第一話 学生食堂と都市伝説
茨城県ひたちなか市にある茨城工業高等専門学校の学生食堂は一時期二年で業者が三回も変わる呪われた食堂なんて言われていた時期があった。
しかしそんなことを知る人間も殆ど少なくなってしまい、今や五年生の僕たちぐらいしか知ることはない。今日も日替わり定食を注文しながら僕はそんなことを考えるのであった。
「今日は空いているな、ラッキー」
券売機から手に入れた食券をおばちゃんに手渡して一分あまりで料理が出てくる。料理、と言っても既に出来ている物をそのまま提供するだけだからはっきり言って温い。ひどいときはご飯がつきたてのお餅かと言わんばかりのもちもちぶりを発揮している時もある(要するに柔らかすぎてご飯がお米の形を成していない、ということ)。でも今日のご飯はお米の形を限りなく近い形で維持しているようで何より。最近はお米の形も安定しているからやっと水の量を憶えてくれたのかもしれない。それくらい仕事なんだからちゃんとしてくれ、とは言いたいところでもあるけれど。

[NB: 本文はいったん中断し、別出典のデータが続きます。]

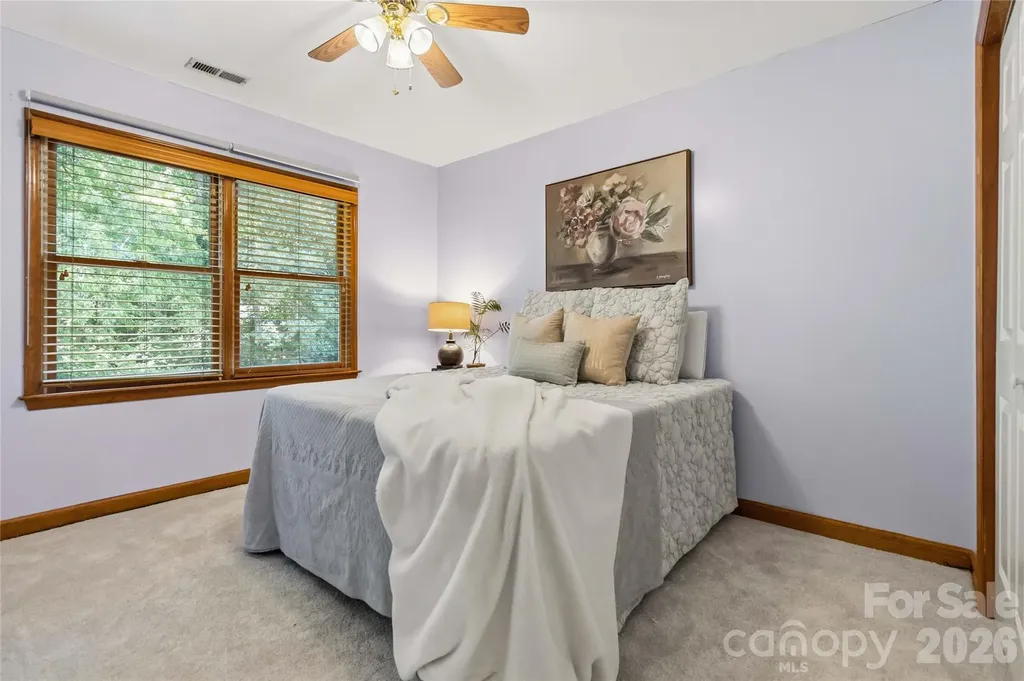 6933 Albaneen Court Charlotte NC 28215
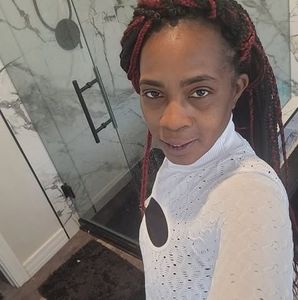 Meet your Posher, Tanisha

おかずと味噌汁とご飯を貰った僕はウォーターサーバーからコップに水を注ぐ。そばに置かれているふりかけをご飯にかけて漬物を二回分ご飯の上にのせるとできあがり。ちなみに今日のメニューは唐揚げ定食。定番中の定番だ。揚げたて――とは言いがたいしなびた唐揚げが三つとサラダがのせられている。サラダのキャベツはまだ切り立てというかできたてというかシャキシャキしている瑞々しさを感じさせた。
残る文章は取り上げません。